(Beginning of Data for the task)

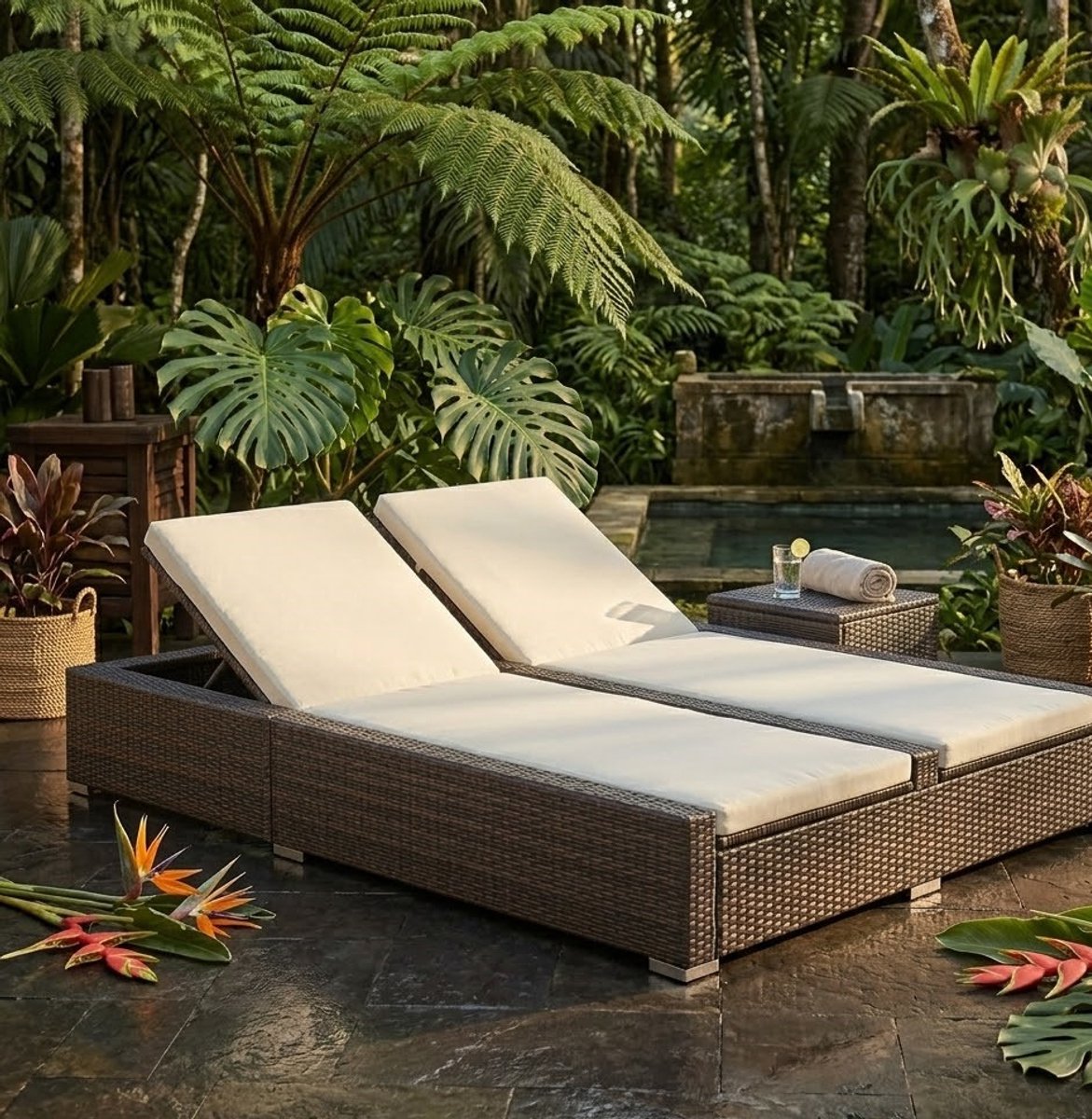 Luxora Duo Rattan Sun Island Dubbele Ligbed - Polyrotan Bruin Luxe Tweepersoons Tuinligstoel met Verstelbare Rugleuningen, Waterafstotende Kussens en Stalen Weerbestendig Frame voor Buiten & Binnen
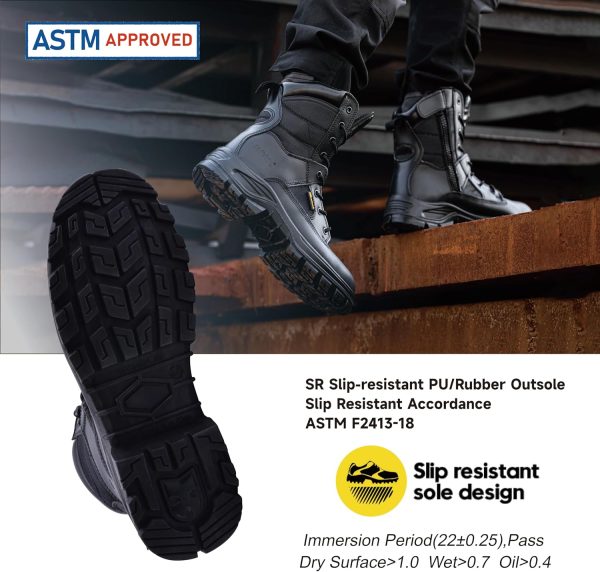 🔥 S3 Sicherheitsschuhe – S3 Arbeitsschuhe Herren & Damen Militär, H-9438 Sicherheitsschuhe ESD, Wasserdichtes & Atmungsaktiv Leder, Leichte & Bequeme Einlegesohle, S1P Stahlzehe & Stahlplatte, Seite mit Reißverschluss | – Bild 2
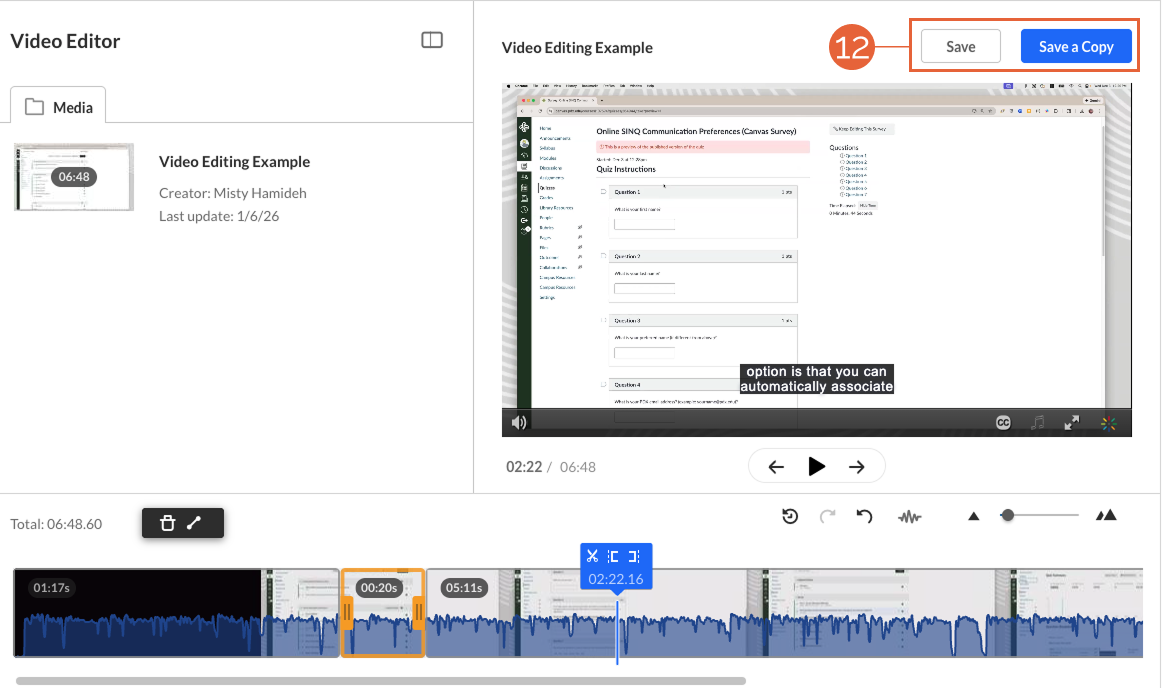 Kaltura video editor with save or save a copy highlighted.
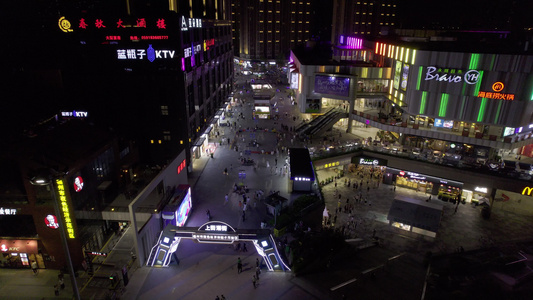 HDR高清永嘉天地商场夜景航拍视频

(End of Data for the task)
(Beginning of Data for the task)

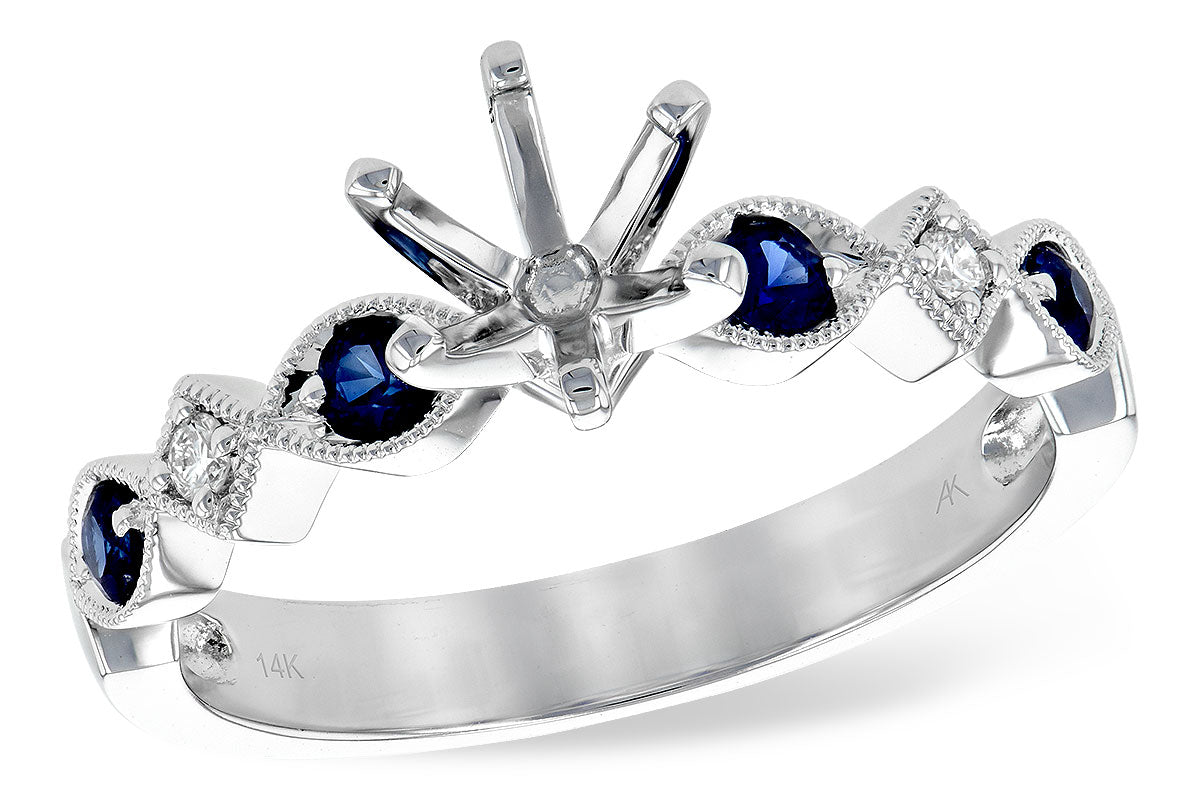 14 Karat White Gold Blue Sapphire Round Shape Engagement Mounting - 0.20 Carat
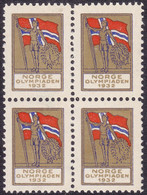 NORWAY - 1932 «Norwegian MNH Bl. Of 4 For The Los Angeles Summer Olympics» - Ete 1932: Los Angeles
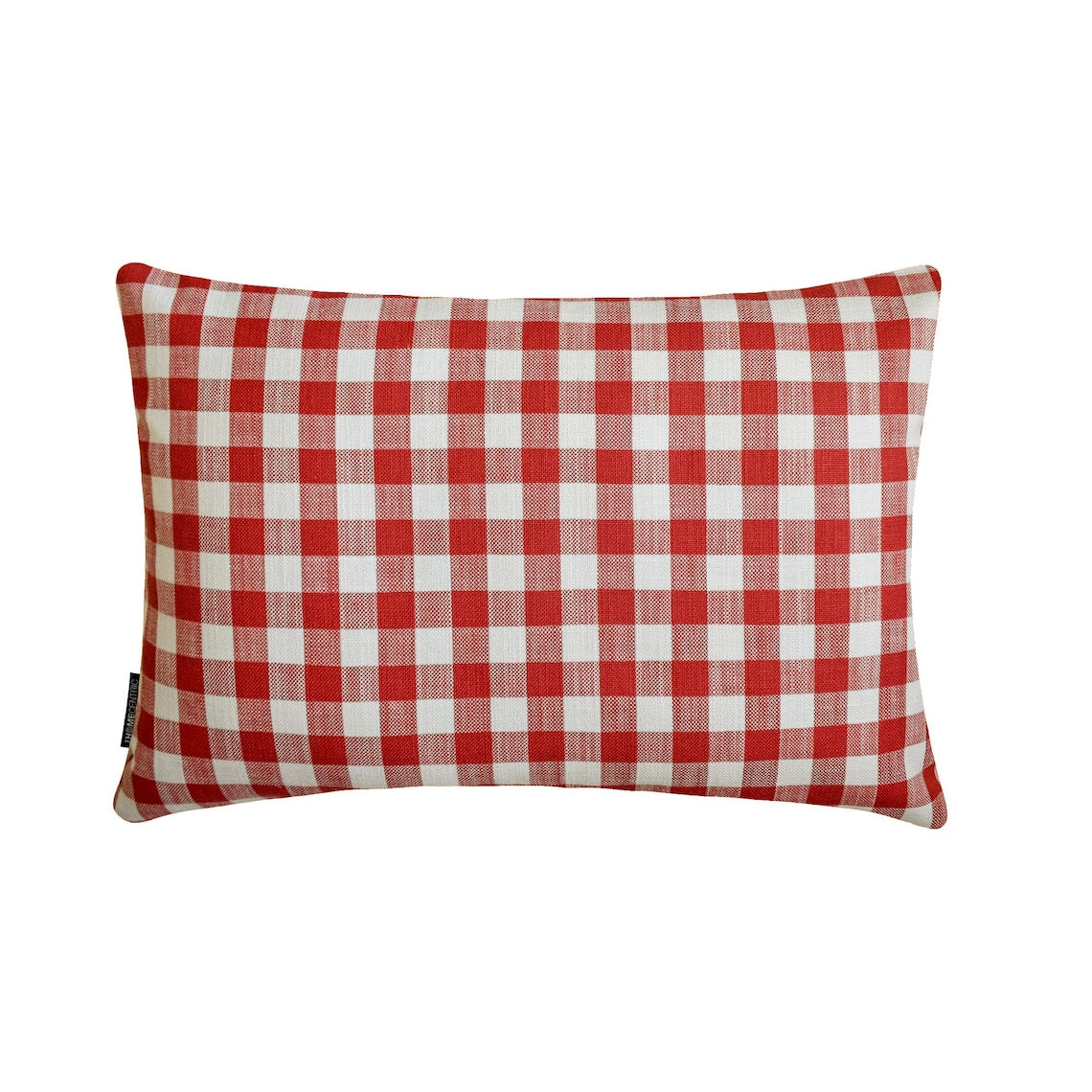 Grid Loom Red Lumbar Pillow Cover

(End of Data for the task)

## Aim of the task:
Both the line above containing "Luxora Duo Rattan" and the line containing "HDR高清永嘉天地商场夜景航拍视频" belong in the copy, along with every line between them; print these exactly and omit the pictures.

## Response to the exercise:
 Luxora Duo Rattan Sun Island Dubbele Ligbed - Polyrotan Bruin Luxe Tweepersoons Tuinligstoel met Verstelbare Rugleuningen, Waterafstotende Kussens en Stalen Weerbestendig Frame voor Buiten & Binnen
 🔥 S3 Sicherheitsschuhe – S3 Arbeitsschuhe Herren & Damen Militär, H-9438 Sicherheitsschuhe ESD, Wasserdichtes & Atmungsaktiv Leder, Leichte & Bequeme Einlegesohle, S1P Stahlzehe & Stahlplatte, Seite mit Reißverschluss | – Bild 2
 Kaltura video editor with save or save a copy highlighted.
 HDR高清永嘉天地商场夜景航拍视频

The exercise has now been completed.